Today, Ken Gidlow is an Aerospace Engineer/Technical Advisor for the FAA Office of Commercial Space Transportation stationed at the NASA Johnson Space Center (JSC) Houston. Ken coordinates FAA Certification with the NASA Commercial Resupply Services contracts for SpaceX, Orbital-ATK and Sierra Nevada Corp delivering cargo to and from the International Space Station (ISS).
Transcript: 

I just love flight, it just amazes me. Whether it's airplanes, rockets, everything that flies. How heavy it is – how many things that it has to haul for such great distances – and it just flies so gracefully, it gets the job done. I'm still like a kid every time I fly and look out the window.

Hello, I'm Ken Gidlow. I work for the FAA office of Commercial Space Transportation as an aerospace engineer and a technical adviser at NASA Johnson Space Center. I'm from Mamou, Louisiana. A little Cajun town deep in south Louisiana.

Spartan offered a good A&P program that I researched quite a bit when I was in high school. And I ultimately wanted to be a flight engineer, perhaps on a 747, but I needed to work my way through college as an A&P mechanic – and Spartan was the best choice.

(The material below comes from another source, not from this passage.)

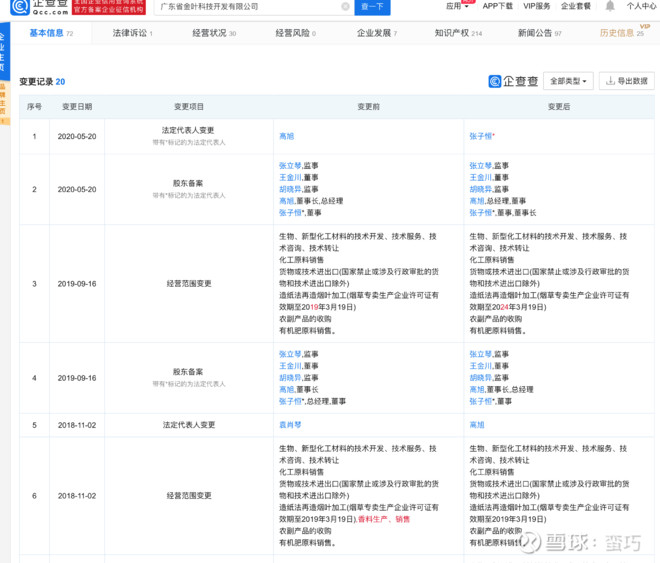 (以广东金叶为例,请看经营范围中的:造纸法再造烟叶加工许可证,有许可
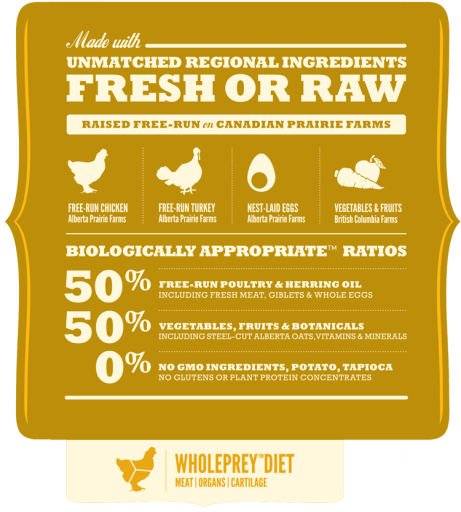 Acana Prairie Poultry Nourriture Chiens Natural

So I’m a graduate of 1975 as an A&P mechanic on here too, and at the time the airline industries were really great. I got some super jobs with them. Worked on 727s just like the one here too and dc-10's. It was really great, and all the mergers were going on after the airline deregulation act, so I saw that I needed to jump into aerospace at the time. So, I went to work back in New Orleans, on the Space Shuttle external fuel tank, manufacturing that. There as a reliability engineer because I had enough technical experience at the time and education to qualify as an engineer. And that's when I jumped into aerospace and eventually it morphed into what I'm doing now – working with the latest. Richard Branson's Virgin Galactic planes, Elon Musk's SpaceX Dragon spacecraft.

It’s really tremendous, so you never know just how far your career can go, Spartan is an excellent start.
This is a really great time for it now because it's not just a traditional aviation- aerospace, commercial space transportation’s really taken off now. With the composite aircraft that's now starting to outpace the aluminum airframes on there. With the rocket engine technology that's allowing suborbital tourism and all that. The same skills that are needed for an A&P in aviation or needed in aerospace also.

Coming back to Spartan, it's like a homecoming on here too. I'm seeing some of the mock-ups, test stands, that I experienced much younger, and I see there are even newer, better mock-ups on here too. So, it properly prepares the students here with so much hands-on experience: three hours of shop, three hours of classroom on there. You're really prepared when you come out of here.